The 1.0alpha versions of the package are for Coq 8.8 and Coq 8.9. There are also .dev packages available in the extra-dev repository of Coq, to get those you will need to activate the following repositories:

opam repo add coq-core-dev https://coq.inria.fr/opam/core-dev
opam repo add coq-extra-dev https://coq.inria.fr/opam/extra-dev

Old, deprecated standalone packages template-coq-2.1~beta and template-coq-2.1~beta3 including previous versions of template-coq and parts of the MetaCoq development are for Coq 8.8. Package template-coq-2.0~beta is for Coq 8.7.

Setting up an opam switch

To setup a fresh opam installation, you might want to create a "switch" (an environment of opam packages) for Coq if you don't have one yet. You need to use opam 2 to obtain the right version of Equations.

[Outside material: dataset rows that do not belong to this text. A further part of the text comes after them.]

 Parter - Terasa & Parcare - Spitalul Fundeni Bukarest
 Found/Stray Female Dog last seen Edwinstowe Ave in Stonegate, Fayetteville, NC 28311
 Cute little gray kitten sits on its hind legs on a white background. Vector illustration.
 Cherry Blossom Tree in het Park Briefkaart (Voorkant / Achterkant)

# opam switch create coq.8.9.1 4.07.1
# eval $(opam env)

This creates the coq.8.9.1 switch which initially contains only the basic OCaml 4.07.1 compiler, and puts you in the right environment (check with ocamlc -v).

Once in the right switch, you can install Coq and the Equations package using:

# opam pin add coq 8.9.1
# opam pin add coq-equations 1.2+8.9

Pinning the packages prevents opam from trying to upgrade it afterwards, in this switch. If the commands are successful you should have coq available (check with coqc -v). Then simply use:

# opam install coq-metacoq

Installing from GitHub repository (for developers)

To get the source code:

# git clone https://github.com/MetaCoq/metacoq.git
# git checkout -b coq-8.9 origin/coq-8.9
# git status

This checks that you are indeed on the coq-8.9 branch.

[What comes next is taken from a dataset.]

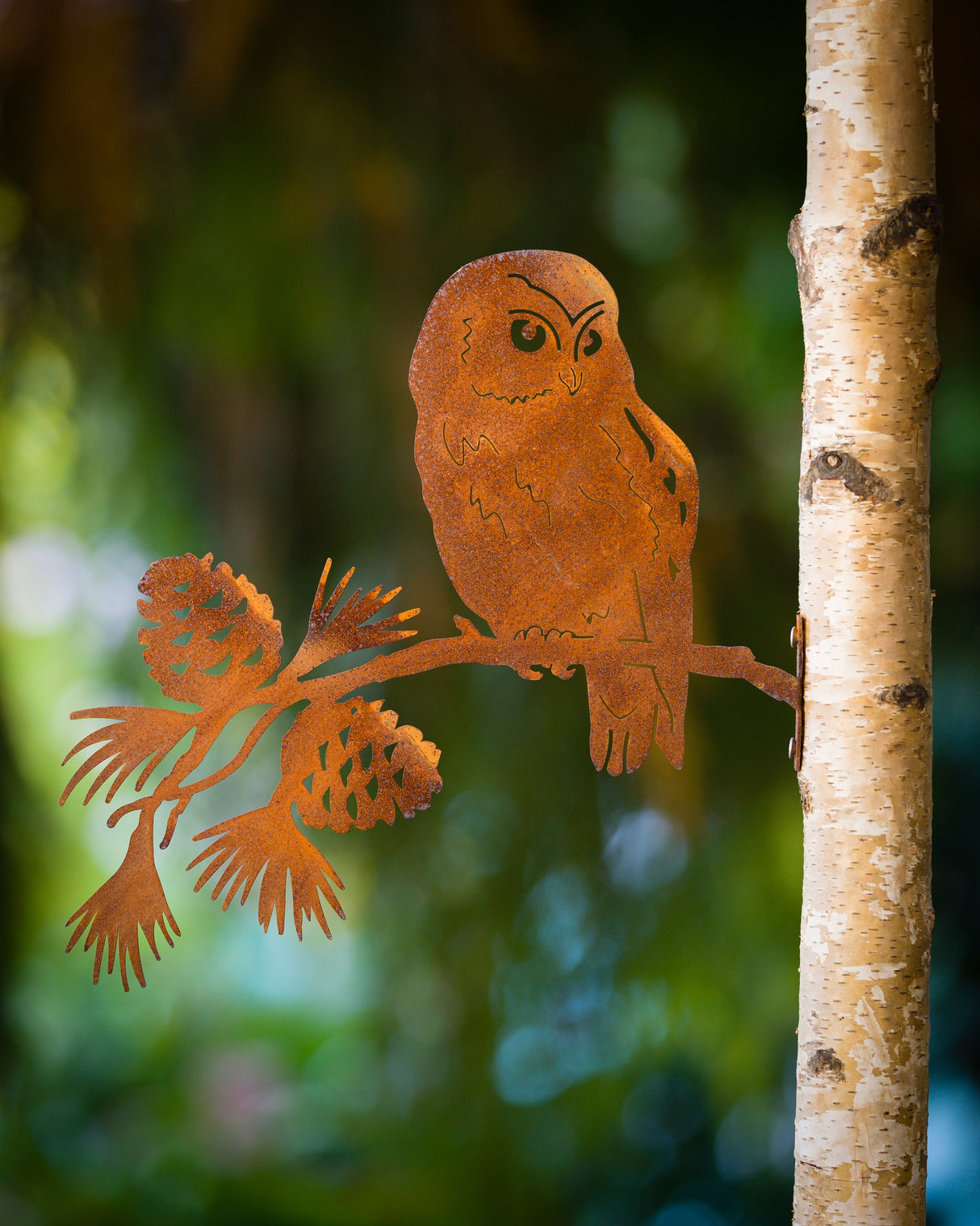 Saw-whet Owl on Pine Branch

You can create a local switch for developing using (in the root directory of the sources):

# opam switch create . 4.07.1

Or use opam switch link foo to link an existing opam switch foo with the sources directory.

Requirements

To compile the library, you need:

  • Coq 8.9.1 (for the coq-8.9 branch) or Coq 8.8.2 (for the coq-8.8 branch). Older versions of 8.9 or 8.8 might also work.
  • OCaml (tested with 4.06.1 and 4.07.1, beware that OCaml 4.06.0 can produce linking errors on some platforms)
  • Equations 1.2

When using opam you can get those using opam install --deps-only ..

You can test the installation of the packages locally using

# opam install .

at the root directory.

Compiling from sources

To compile locally without using opam, use ./configure.sh local at the root, then use:

  • make to compile the template-coq plugin, the checker, the pcuic development and the safechecker and erasure plugins. You can also selectively build each target.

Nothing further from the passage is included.